From the ASL table, we find that if A = \(\log x\) = .544172, then B= \(\log(x+1)\) = 0.653293. So, this yields \(\log a\) = \(\log (p^2+q^2)\) = \(2\log q\) + B = 2 x 1.357058 + 0.653293, or
\[ \log a = 3.367409. \]
- Evaluate “log b”
Next, we have \(b\equiv 2pq\cos\theta\). So, \(\log b\) = \(\log 2 + \log p + \log q +\log\cos\theta\) = 0.30103 + 1.629144 + 1.357058 + \(\log\) 0.376386 = 3.287232 + 0.5756335 - 1, or \[ \log b = 2.862865. \]
- Put them together
We’ve just evaluated the logarithms of \(p^2 + q^2\) (our “\(a\)”) and of \(2pq\cos\theta\) (our “\(b\)”). We now want to find the logarithm of the difference of these two quantities. Hence, we reformulate by re-defining \(x\) using \(\log x = \log a - \log b\) = 3.367409 - 2.862865 = 0.504544.

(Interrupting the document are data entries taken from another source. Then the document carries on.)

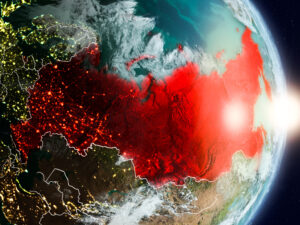 What your organization can learn from Russia’s ESG rating downgrade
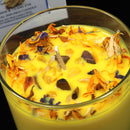 You Are Never Alone - Crystal Infused Scented Candle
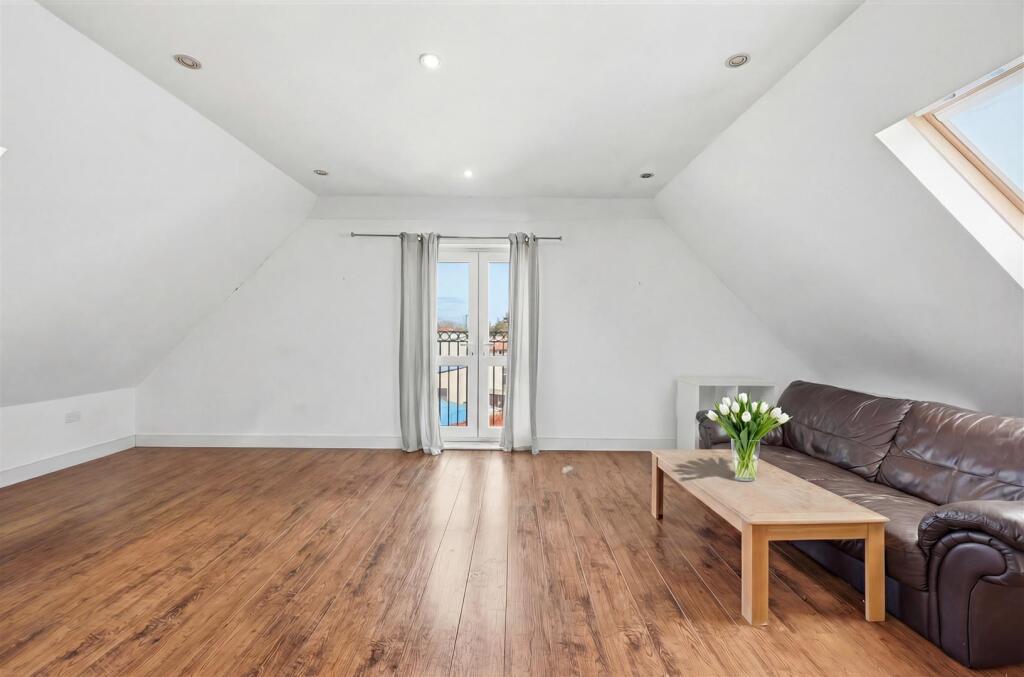 Main image of property: Ardennes House, Royal Victoria Dock, E16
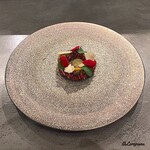 カーサ・デル・チーボ - 馬肉のﾀﾙﾀﾙｰﾗ Noël仕様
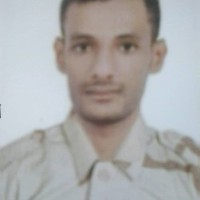 سعيد محمد بلخطب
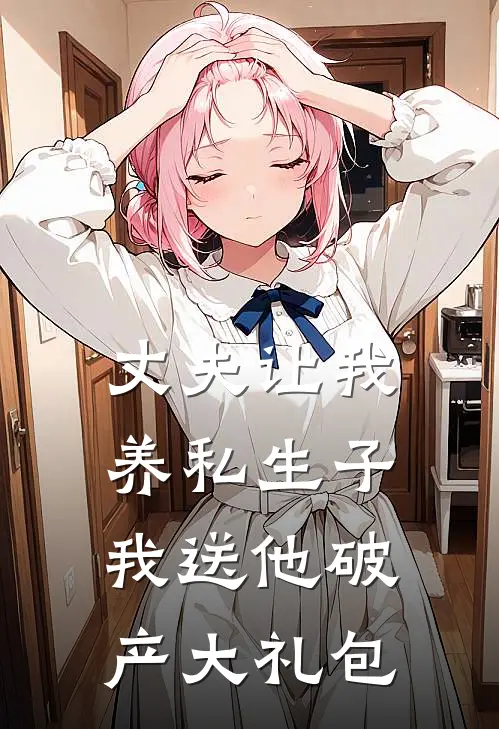 丈夫让我养私生子，我送他破产大礼包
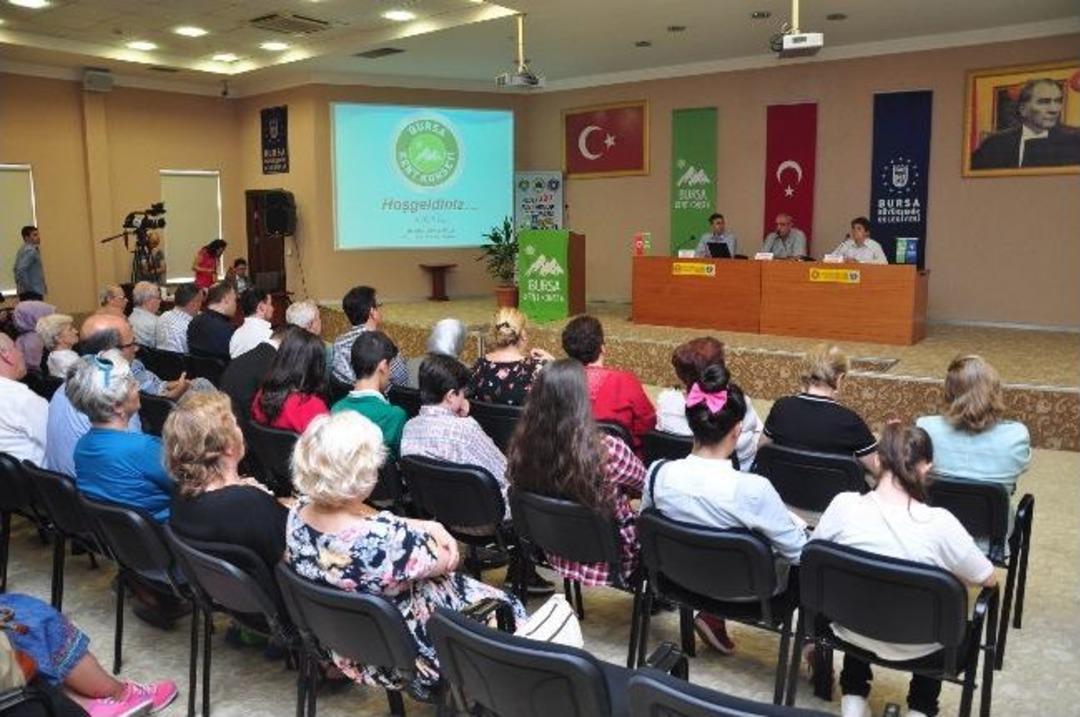 Vatandaş Merinos Parkı&rsquo;nın Miting Alanı Olmasını Doğru Bulmuyor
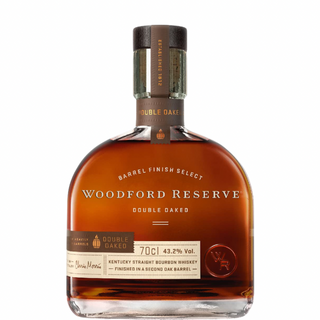 WOODFORD RESERVE PODWÓJNY DĄB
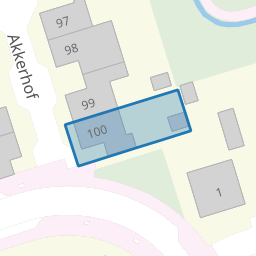 Perceel HLN01-K-4289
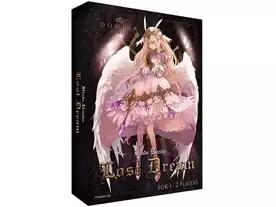 ブレイドロンド：ロストドリーム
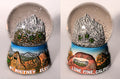 Mt. Whitney Snow Globe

This time we want to subtract \(a\) and \(b\), and so we set B = \(\log x\) and look at our ASL tables to find A = \(\log(x-1)\). So for our current case, B = \(\log x\) = 0.504544, and we find the corresponding A in the table, and get A = 0.341541. Adding this to \(\log b\) we get the log of the difference,
\[ \log(a-b) = \log(p^2 + q^2 - 2pq\cos\theta) = \log b + {\rm A} = 2.862865 + 0.341541 = 3.204406. \]

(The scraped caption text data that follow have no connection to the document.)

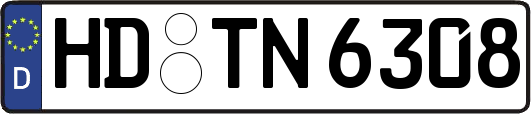 HD-TN6308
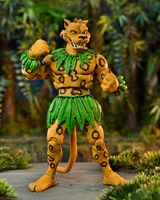 Teenage Mutant Ninja Turtles (Archie Comics) Action Figure Jagwar 18 cm - thumbnail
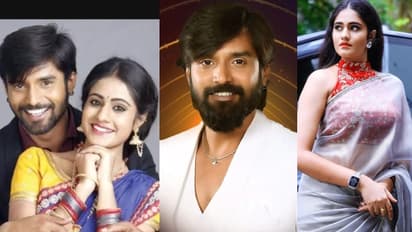 ಬಿಗ್ ಬಾಸ್ ಮನೆ ಸೇರಿದ ಪದ್ಮಾವತಿ ಧಾರಾವಾಹಿ ಹೀರೋ ಸಾಮ್ರಾಟ್; ಆದ್ರೆ ತುಳಸಿ ಎಲ್ಲಿದ್ದಾಳೆ ಗೊತ್ತಾ?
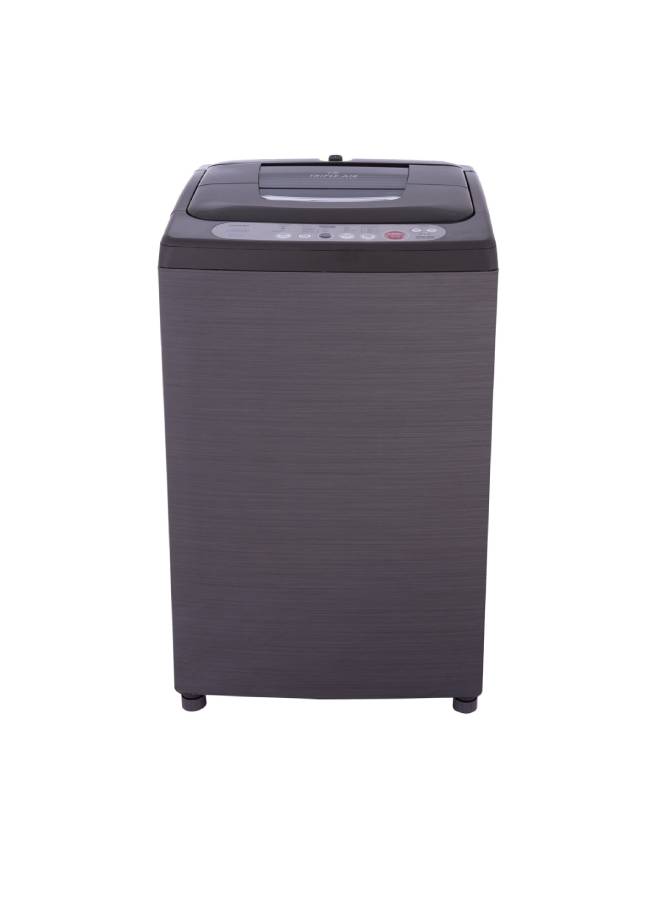 Top Load Automatic Washing Machine, 8 kg, AEW-8460SP(DS) Silver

To ultimately find the square root, we now take half of this logarithm:
\[
\frac12\cdot\log(p^2 + q^2 - 2pq\cos\theta) = \log(\sqrt{p^2 + q^2 - 2pq\cos\theta}) = 1.602203.
\]
From our log tables, the number with this log is 40.01317. This is our final answer or, more appropriately \(Z\) = 40.013, as we started out with numbers of 5 significant digits.
- Using a computer.
## [1] 40.01322
Even when using more digits than the amount given to the original numbers, the computer result, \(Z\) = 40.01322, agrees with the log table estimate to within about \(1.4\) ppm.
- Using a slide rule.
First of all, we shouldn’t expect to get such accuracy on a slide rule. A number like 40.0 would be as good an estimate to expect on a 10-inch rule, while a Thacher or Fuller might yield 40.01 or maybe another digit. But with care and for the right combination of digits a 10-inch rule should give a result good to about 0.1-0.2%. (See The Long and Short of It.) For our present case, that should be an answer of about 40.0 or so.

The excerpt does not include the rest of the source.